Apache Spark Python - Basic Transformations - Basic Filtering of Data

In this article, we will explore basic filtering techniques using Spark Data Frame APIs. Filtering can be performed using the filter or where functions, which are synonyms. We can specify conditions in either SQL Style or Data Frame Style.

Filtering Syntax

SQL Style:

airtraffic.filter("IsArrDelayed = 'YES'").show()

Data Frame Style:

airtraffic.filter(airtraffic["IsArrDelayed"] == 'YES').show()

Supported Operations

  • !=
  • >
  • <
  • >=
  • <=
  • LIKE
  • BETWEEN with AND

Tasks

  1. Read January 2008 Data
# Read the data for January 2008
airtraffic_path = "/public/airtraffic_all/airtraffic-part/flightmonth=200801"
airtraffic = spark.read.parquet(airtraffic_path)
  1. Count of Cancelled Flights
# Get the count of cancelled flights
airtraffic.filter('Cancelled = 1').count()
  1. Departures from SFO
# Number of flights scheduled for departure from SFO airport
airtraffic.filter("Origin = 'SFO'").count()
  1. Flights Departed without Delay
# Number of flights that departed without any delay
airtraffic.filter("IsDepDelayed = 'NO'").count()

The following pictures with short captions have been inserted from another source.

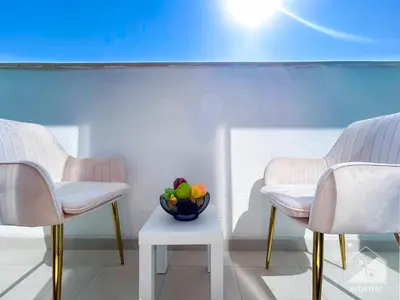 two chairs and a bowl of fruit on a table at Luxury Living in Azizi Riviera l Cozy Balcony in Dubai
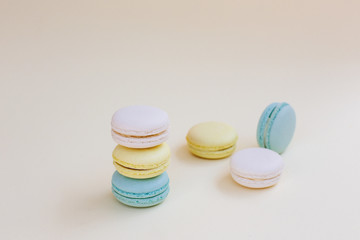 Macaroons on a yellow background. 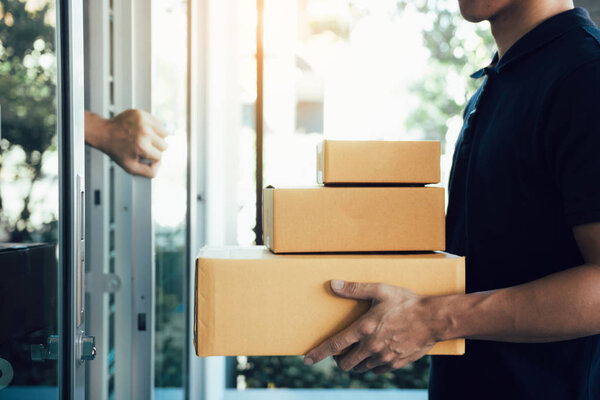 Close up of hand recipient of the goods is opening the house doo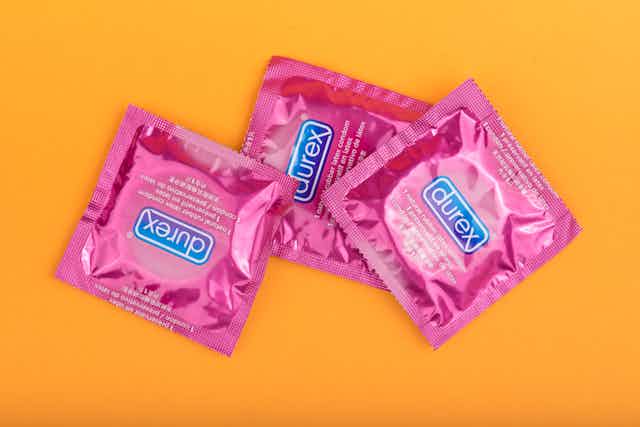 Pink Durex condom packets on an orange background.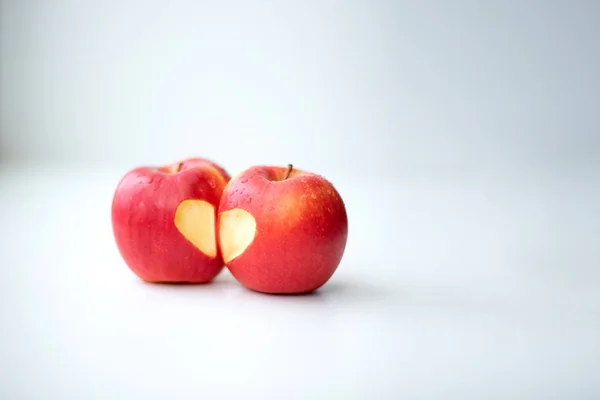 Love of apples concept with a neatly incised heart in the skin of a ripe red apple in St. Valentina\'s Day
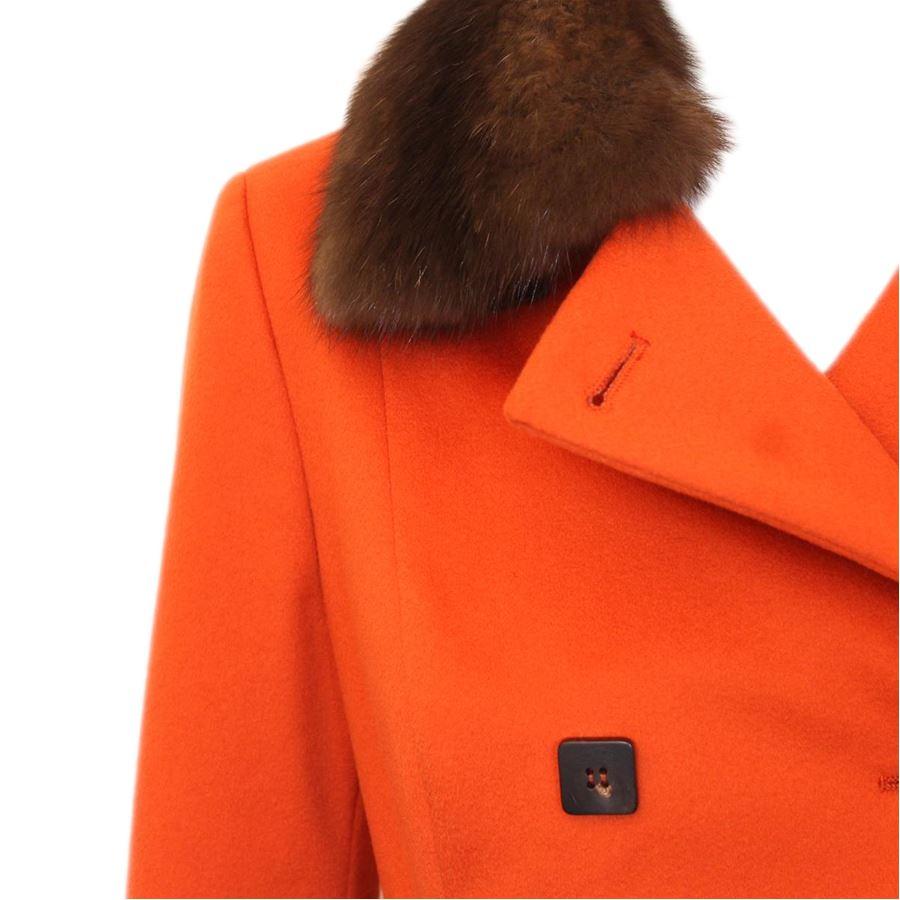100% Cashmere Orange color Chinchilla collar (removable) 3 Buttons 2 Pockets Length shoulder/hem cm 100 (39.3 inches) Shoulders length cm 40 (15.7 inches) Original price euro 4700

Watch the video tutorial here

Conclusion

Filtering in Spark Data Frames is a powerful technique to extract relevant information from large datasets. By using either SQL or Data Frame Style syntax, we can efficiently filter data based on specific conditions. Understanding these basic filtering operations is essential for data manipulation and analysis in Spark.